* Given information:
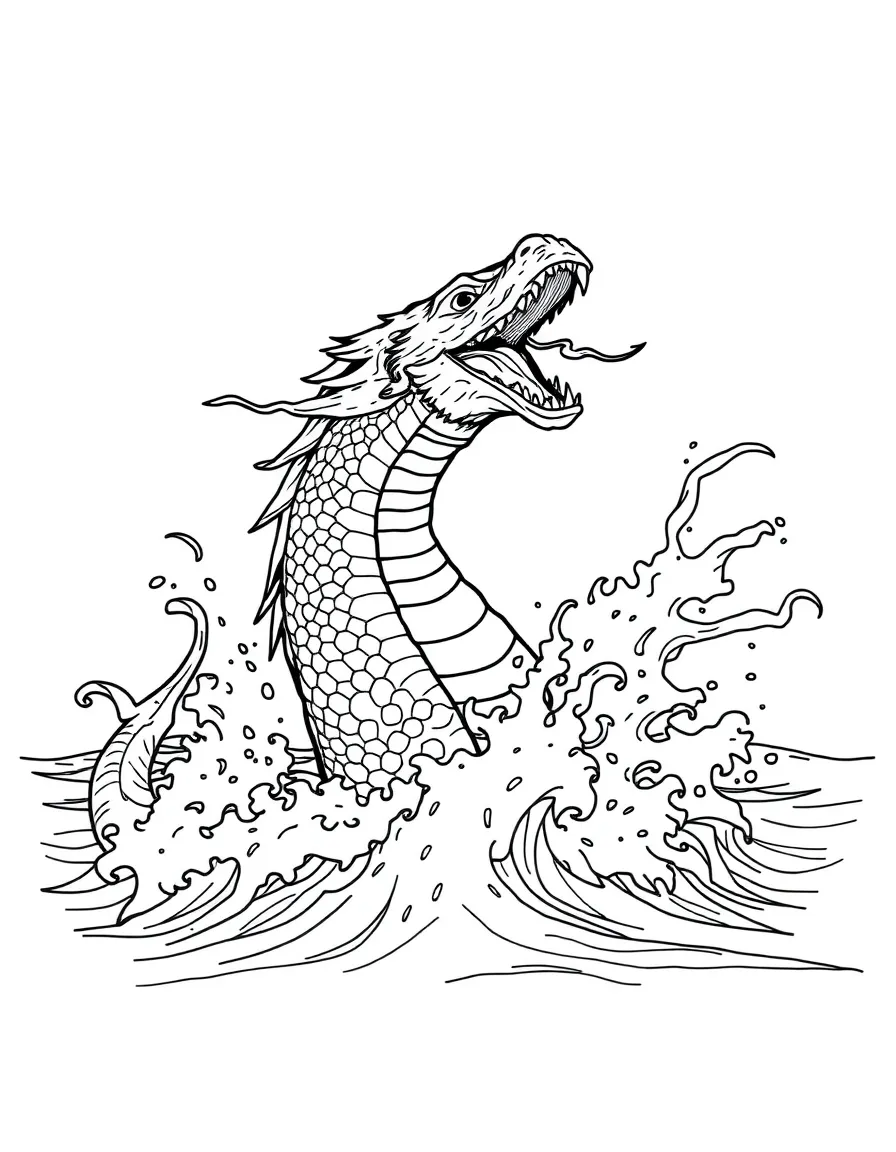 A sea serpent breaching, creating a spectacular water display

--

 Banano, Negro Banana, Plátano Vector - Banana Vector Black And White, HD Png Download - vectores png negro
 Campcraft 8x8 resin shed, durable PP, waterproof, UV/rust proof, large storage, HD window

* Required work: In the entries above, find the line holding "Banano, Negro Banana, Plátano" and the line holding "Campcraft 8x8 resin"; print both of them and every line between, exactly, and nothing else.

* Result:
 Banano, Negro Banana, Plátano Vector - Banana Vector Black And White, HD Png Download - vectores png negro
 Campcraft 8x8 resin shed, durable PP, waterproof, UV/rust proof, large storage, HD window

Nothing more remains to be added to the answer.